Reflect for a moment on the popularity of Disney's gigantic amusement center in Florida. With more hotel rooms than either Los Angeles or New York, Disney has hit tourist nirvana as the most visited vacation spot in the world. Could this be the ersatz answer to the awesome challenge of the age? Create a perfect, managed reality that provides crime free, clean fun. In truth, this "Disneyfication" of existence does promise certainty and wonderfully sanitary conditions. Few need worry there about soil loss or global warming or an overcrowded world haunted by hungry people if they are sufficiently distracted and soothed.
The world's scientists are blowing the whistle. They are questioning over-consumption and straight-line optimism based on carbon-dependent auto travel, 24 hour advertising and endless expansion of desire and waste. They are telling us to change. How?

Shift sooner rather than later from fossil fuels to benign, inexhaustible energy sources. The sun has boundless energy, if we have the wit to use it.

Halt deforestation, destruction of agricultural land and loss of species. Stop wasting energy, water and materials--conserve and recycle.
Figure out what really slows population growth and encourage it.
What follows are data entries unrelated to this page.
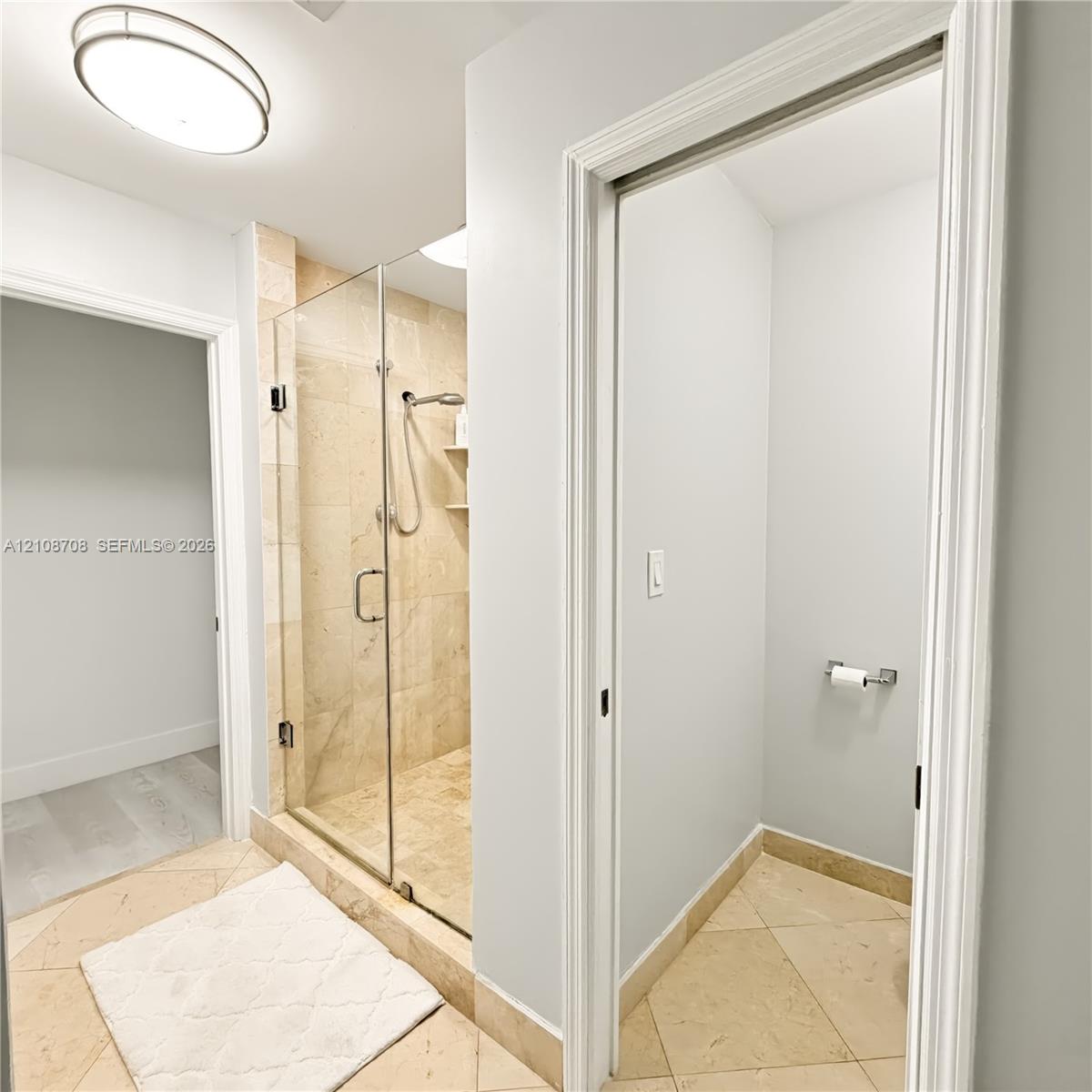 Primary bathroom with glass walk in shower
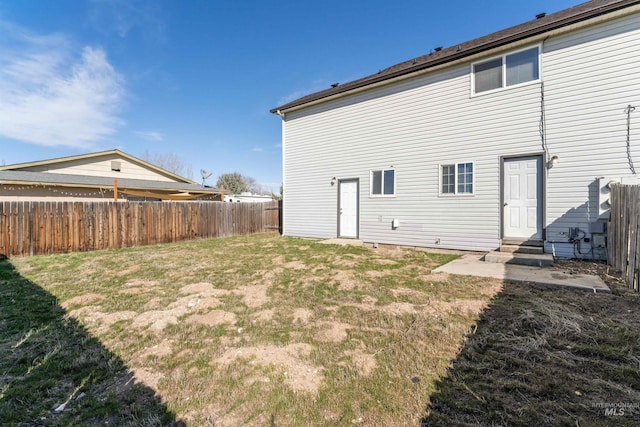 back of property featuring entry steps, fence, and a yard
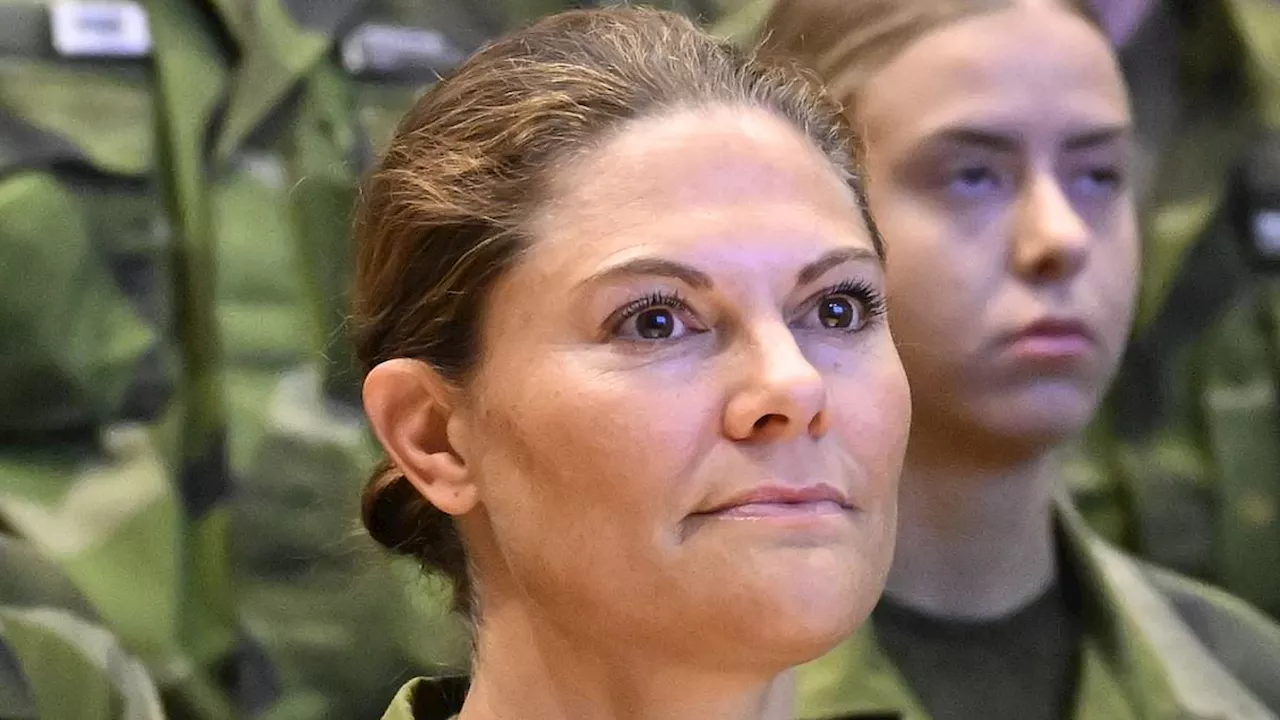 Crown Princess Victoria of Sweden dons camouflage as she begins training to become a special officer...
Let those countries that have the power and conventional wealth lead the way by respecting environmental constraints, fostering real and sustainable ways of living and ensuring that equity becomes the foundation of local, national and international economic and political governance.

Please provide your own comments and your ideas on how this gathering can generate the positive commitments and the sustaining ideas that will help us negotiate this incredibly difficult and dangerous world.